Working with Individual Runs
For individual experiment analysis, HydraFlow provides the Run
class, which represents a single experiment run:
from hydraflow import Run
# Load an existing run
run = Run.load("path/to/run")
# Access configuration values
learning_rate = run.get("learning_rate")
The Run
class provides:
- Access to experiment configurations used during the run
- Methods for loading and analyzing experiment results
- Support for custom implementations through the factory pattern
- Type-safe access to configuration values
You can use type parameters for more powerful IDE support:
from dataclasses import dataclass
from hydraflow import Run
@dataclass
class MyConfig:
learning_rate: float
batch_size: int
# Load a Run with type information
run = Run[MyConfig].load("path/to/run")
print(run.cfg.learning_rate) # IDE auto-completion works
Comparing Multiple Runs
For comparing multiple runs, HydraFlow offers the RunCollection
class, which enables efficient analysis across runs:
# Load multiple runs
runs = Run.load(["path/to/run1", "path/to/run2", "path/to/run3"])
# Filter runs by parameter value
filtered_runs = runs.filter(model_type="lstm")
# Group runs by a parameter
grouped_runs = runs.group_by("dataset_name")
# Convert to DataFrame for analysis
df = runs.to_frame("learning_rate", "batch_size", "accuracy")

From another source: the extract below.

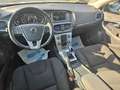 Volvo V40 Grau - thumbnail 22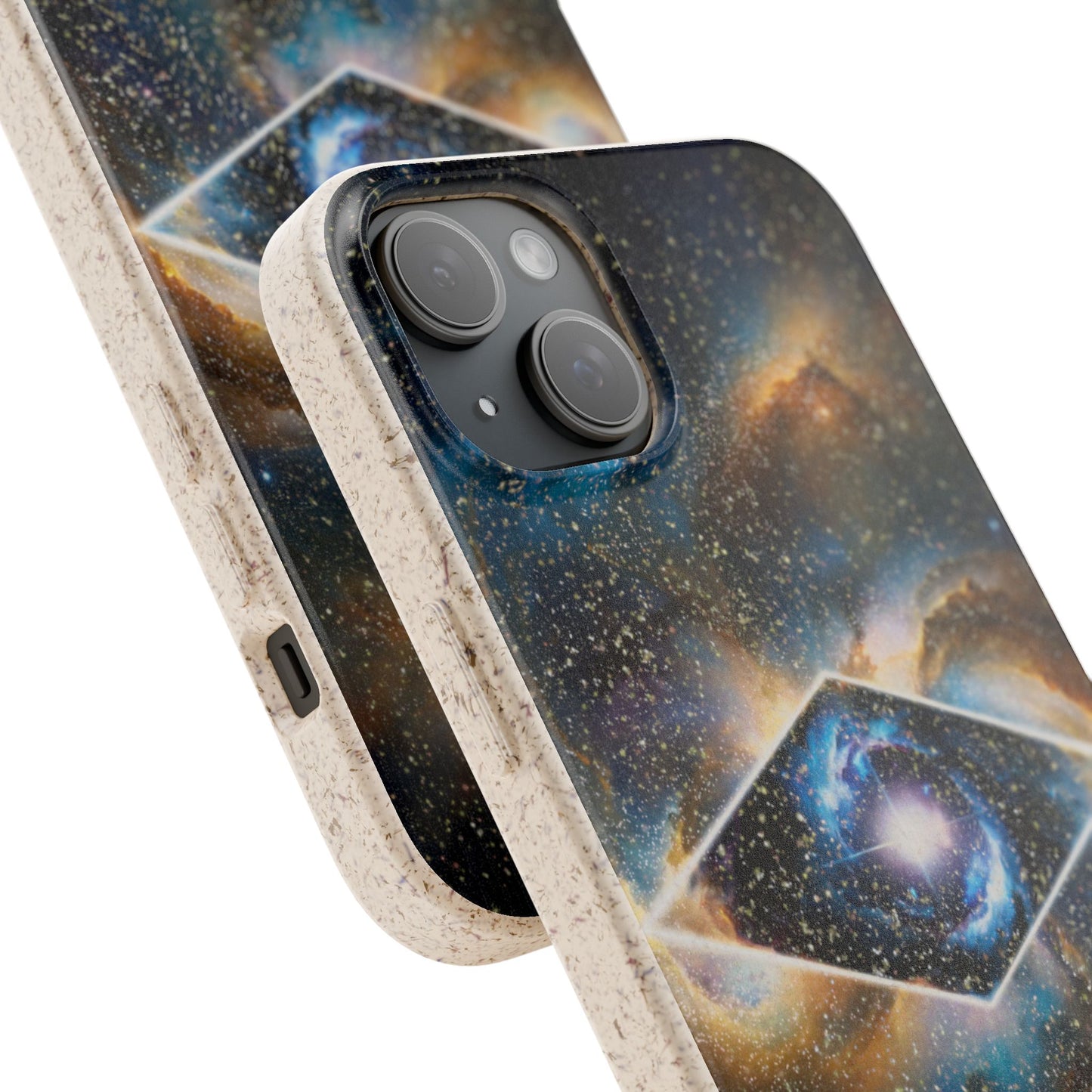 Phone Case - Universe 4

Key features of experiment comparison:
- Filtering runs based on configuration parameters
- Grouping runs by common attributes
- Aggregating data across runs
- Converting to Polars DataFrames for advanced analysis
Summary
These core concepts work together to provide a comprehensive framework for managing machine learning experiments:
- Configuration Management - Type-safe configuration with Python dataclasses
- Main Decorator - The entry point that integrates Hydra and MLflow
- Workflow Automation - Reusable experiment definitions and advanced parameter sweeps
- Analysis Tools - Access, filter, and analyze experiment results
Understanding these fundamental concepts will help you leverage the full power of HydraFlow for your machine learning projects.